Randomized Empirical Processes and Confidence Bands via Virtual Resampling (1802.04380v1)

Published 12 Feb 2018 in stat.ME

Abstract: Let $X,X_1,X_2,\cdots$ be independent real valued random variables with a common distribution function $F$, and consider ${X_1,\cdots,X_N }$, possibly a big concrete data set, or an imaginary random sample of size $N\geq 1$ on $X$. In the latter case, or when a concrete data set in hand is too big to be entirely processed, then the sample distribution function $F_N$ and the the population distribution function $F$ are both to be estimated.
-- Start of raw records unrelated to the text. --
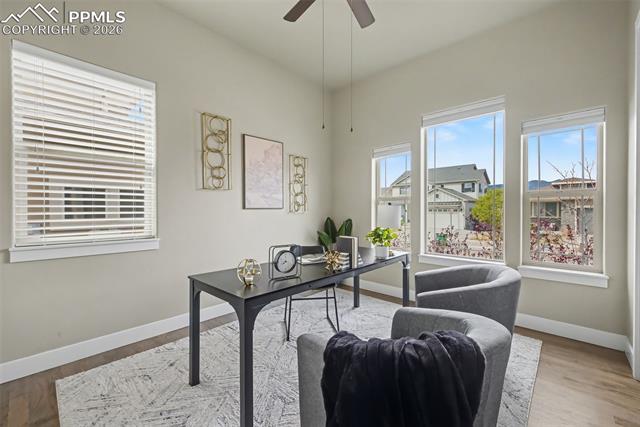 MLS Image for 11673  Spectacular Bid  ,Colorado Springs, Colorado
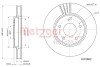 Автозапчастина METZGER 6110802 (фото 1)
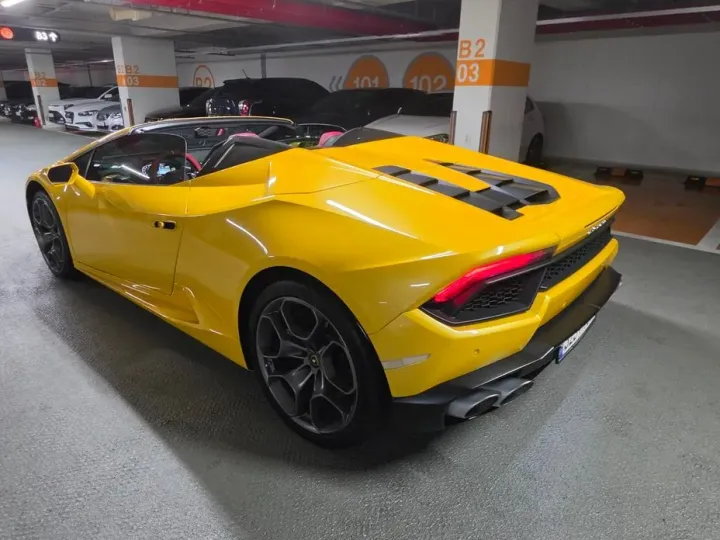 Lamborghini Huracan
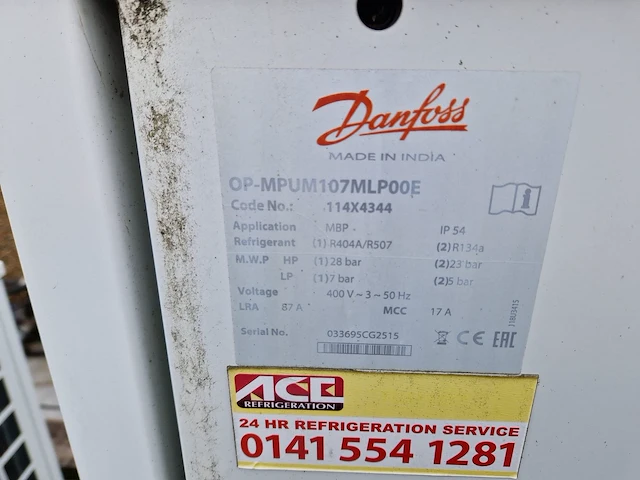 Danfoss - afbeelding 4 van  4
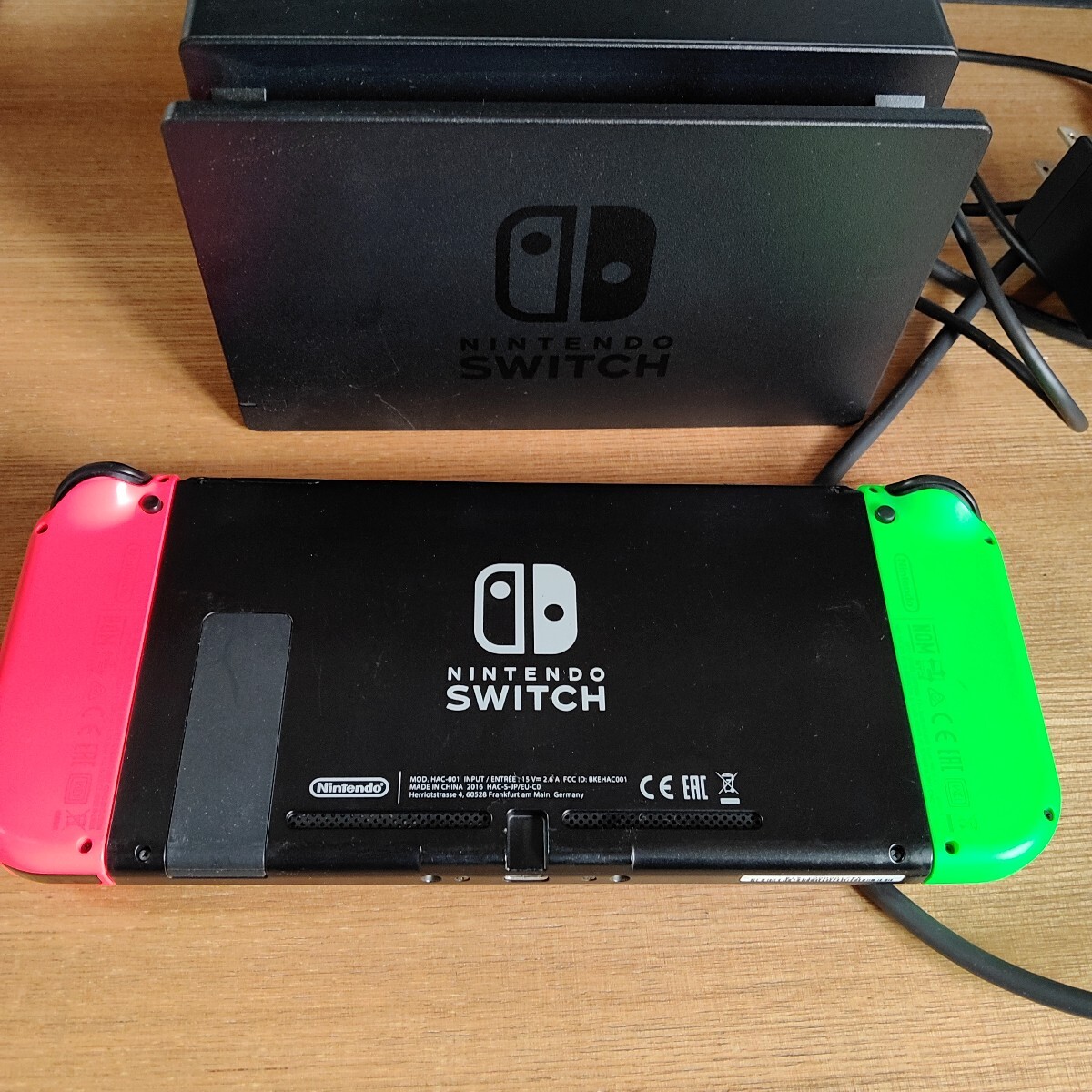 Switch ニンテンドースイッチ 未対策機 本体 旧型 ジョイコン Switch ニンテンドースイッチ 未対策機 本体 旧型 ジョイコン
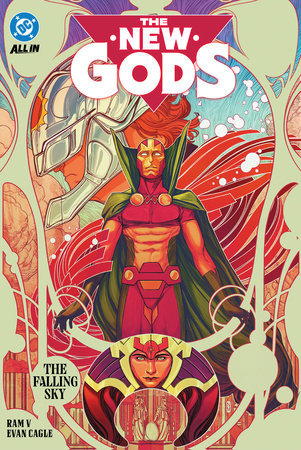 The New Gods Vol. 1: The Falling Sky by Ram V.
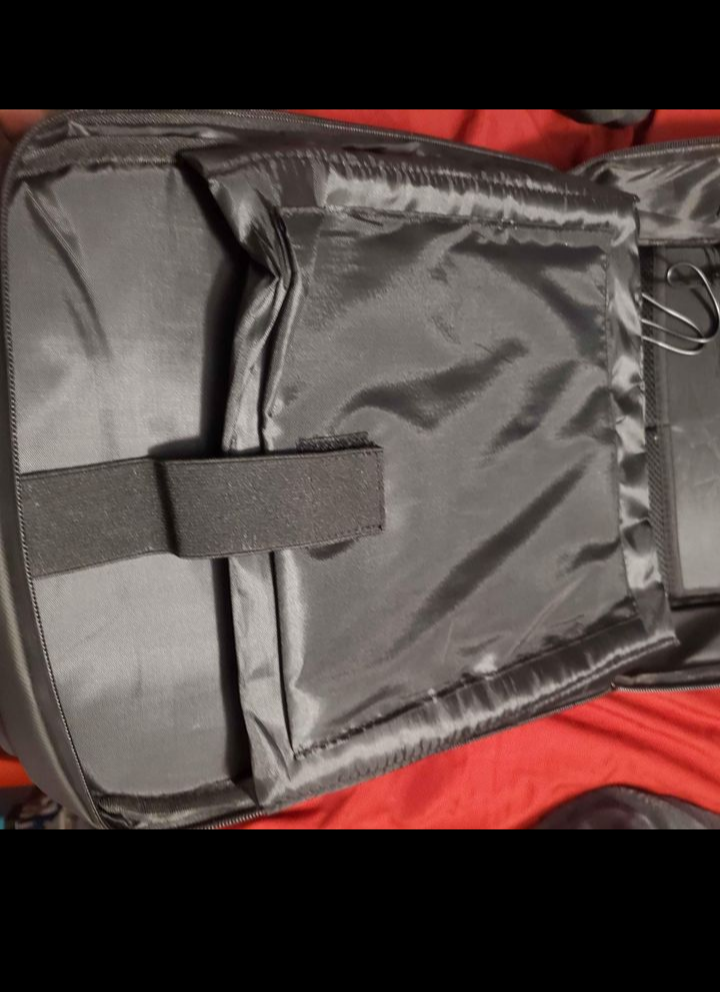 Led LCD smart display bookbags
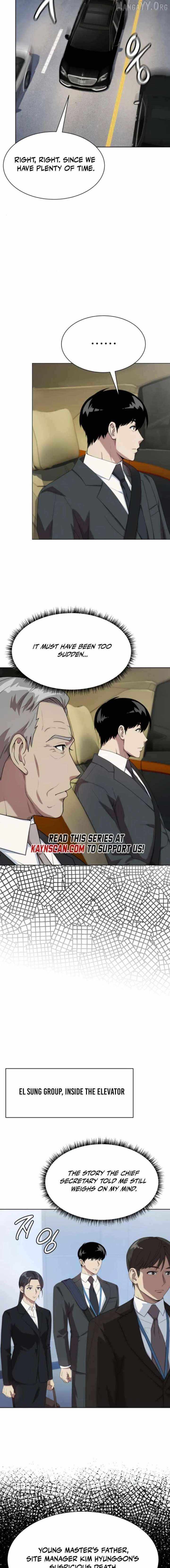 Read Becoming A Legendary Ace Employee Manga Online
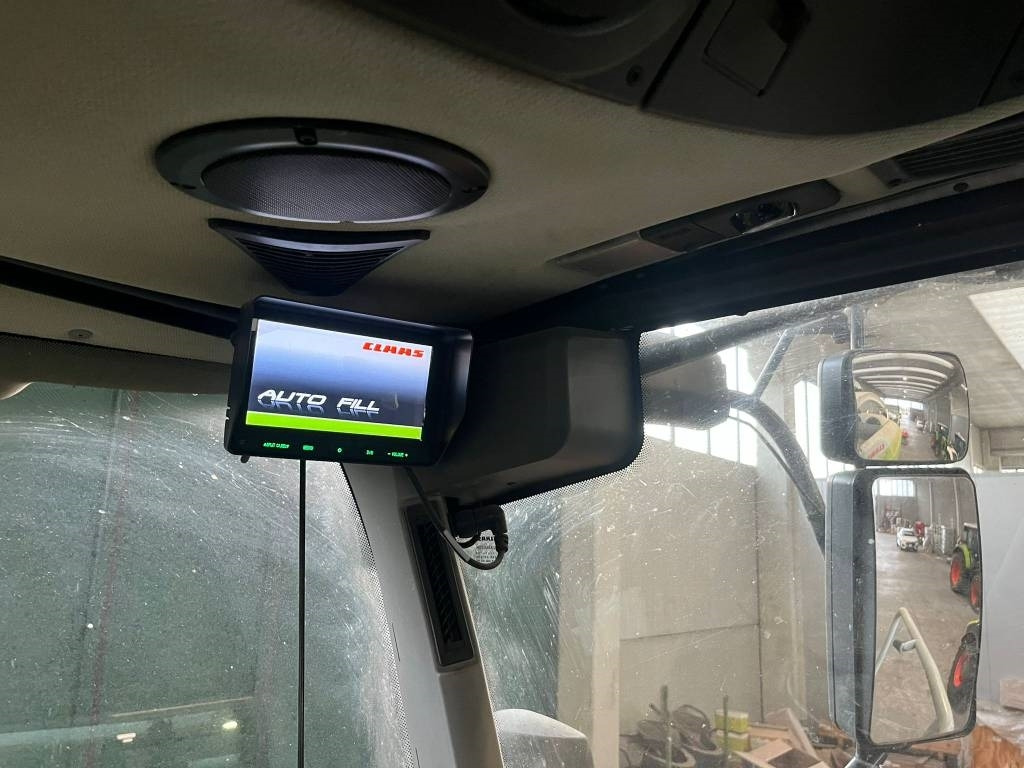 Claas Jaguar 970 - حصادة الأعلاف: صور 2 Claas Jaguar 970 - حصادة الأعلاف: صور 2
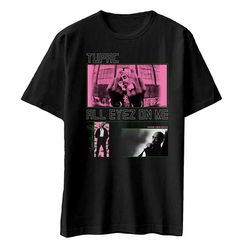 Tupac Unisex T-Shirt: Photo Mix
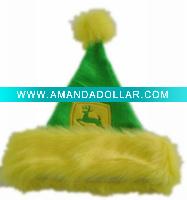 Christmas patty hat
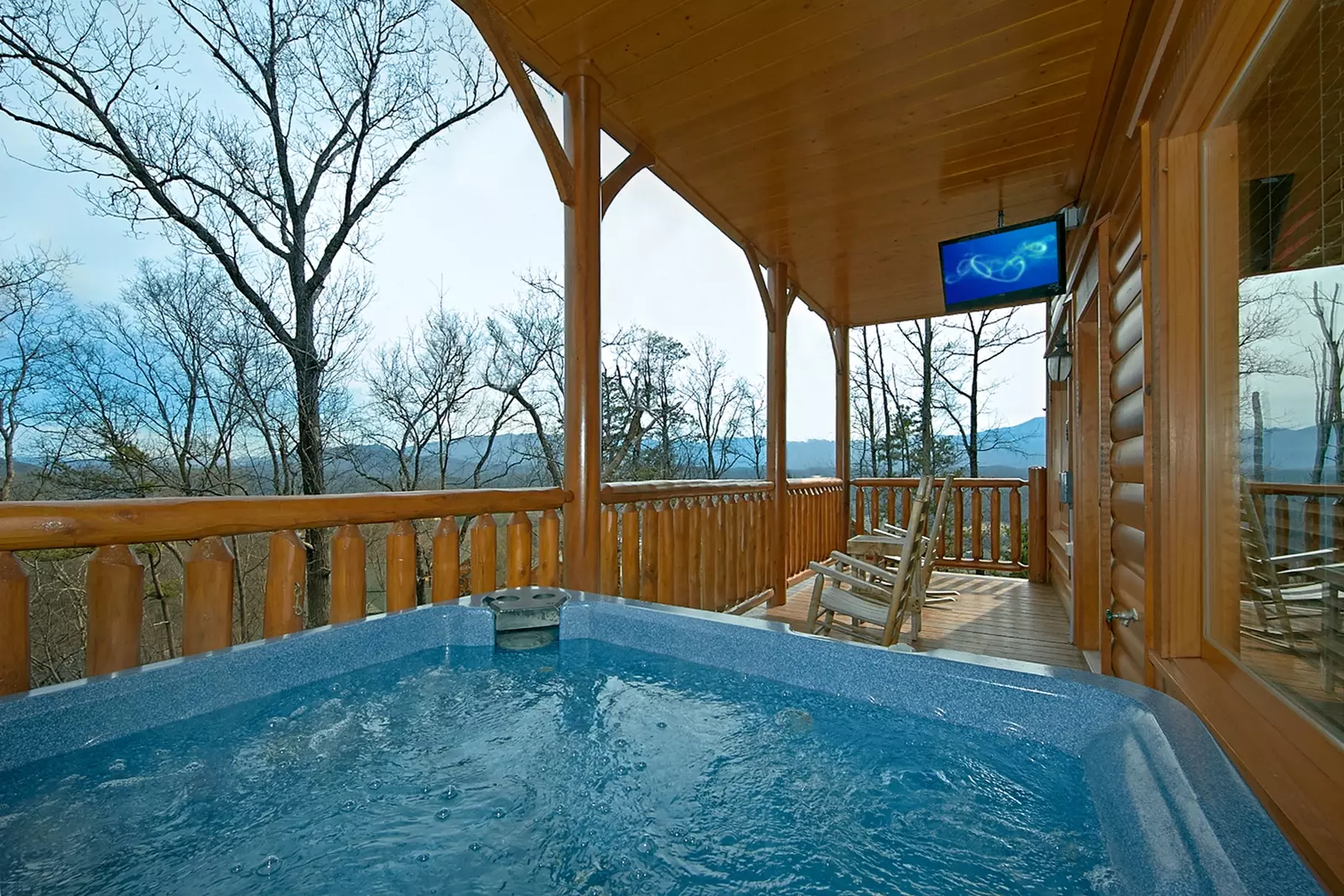 Property image, Exterior, of Misty Ridge #68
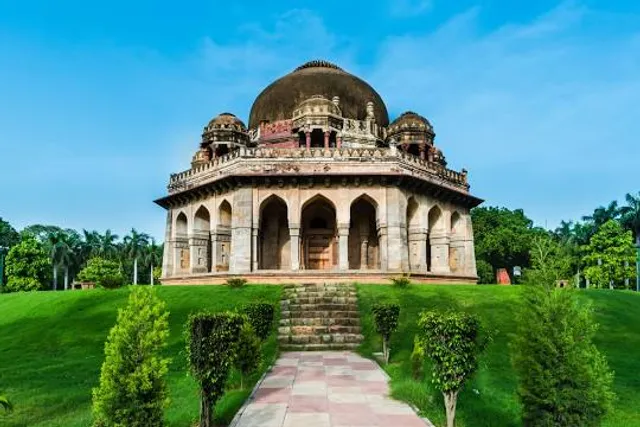 Ibrahim Lodhi Tomb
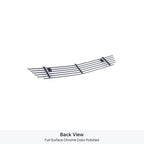 Stainless Chrome Billet Grille Insert for Ford Mustang (2018-2022)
This, in this paper, is achieved via viewing ${X_1,\cdots,X_N }$ as above, as a finite population of real valued random variables with $N$ labeled units, and sampling its indices ${1,\cdots,N }$ with replacement $m_N:= \sum_{i=1}^N w_{i}^{(N)}$ times so that for each $1\leq i \leq N$, $w_{i}^{(N)}$ is the count of number of times the index $i$ of $X_i$ is chosen in this virtual resampling process. This exposition extends the Doob-Donsker classical theory of weak convergence of empirical processes to that of the thus created randomly weighted empirical processes when $N, m_N \rightarrow \infty$ so that $m_N=o(N^2)$.